**Exercise objective**
Using the data below, set down every line from the one containing "This is David" through the one containing "First thing first, prepare", inclusive and unchanged. Pictures are to be skipped.

**Dataset records**

*** Begin section ***

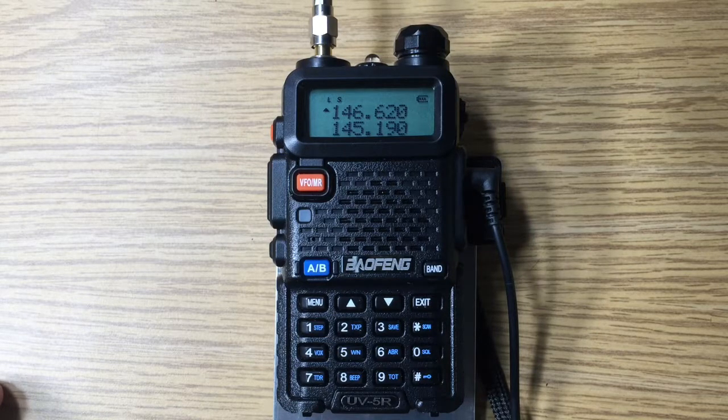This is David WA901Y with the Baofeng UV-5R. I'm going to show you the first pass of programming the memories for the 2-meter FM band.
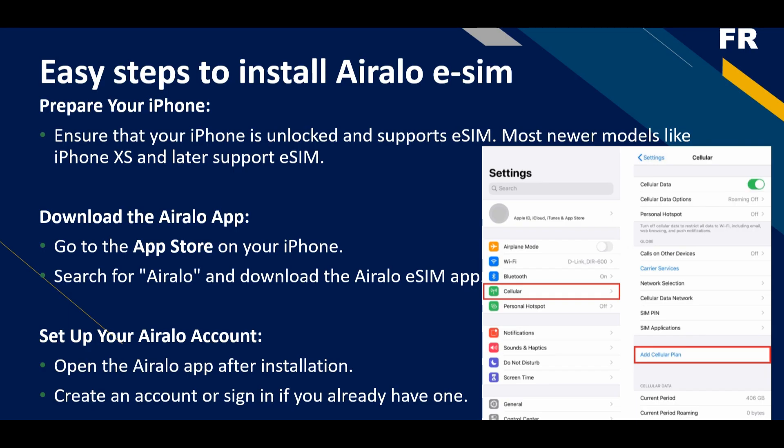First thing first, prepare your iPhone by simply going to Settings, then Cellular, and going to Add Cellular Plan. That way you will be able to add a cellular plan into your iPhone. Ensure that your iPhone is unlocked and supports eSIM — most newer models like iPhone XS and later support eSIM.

*** End section ***
*** Begin section ***

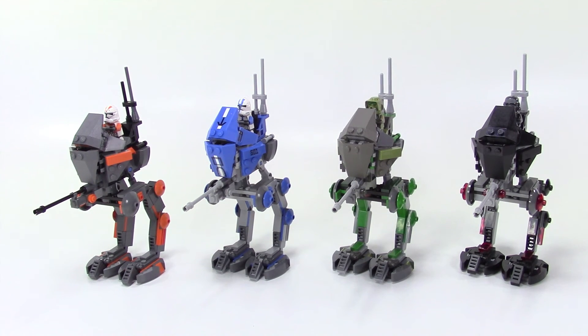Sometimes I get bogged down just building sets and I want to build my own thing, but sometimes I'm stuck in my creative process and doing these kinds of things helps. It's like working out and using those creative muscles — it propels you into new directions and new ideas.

*** End section ***
*** Begin section ***

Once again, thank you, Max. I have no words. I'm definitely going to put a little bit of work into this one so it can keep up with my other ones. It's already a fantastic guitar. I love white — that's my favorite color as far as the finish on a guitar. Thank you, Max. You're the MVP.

*** End section ***

**Solution to the exercise**
This is David WA901Y with the Baofeng UV-5R. I'm going to show you the first pass of programming the memories for the 2-meter FM band.
First thing first, prepare your iPhone by simply going to Settings, then Cellular, and going to Add Cellular Plan. That way you will be able to add a cellular plan into your iPhone. Ensure that your iPhone is unlocked and supports eSIM — most newer models like iPhone XS and later support eSIM.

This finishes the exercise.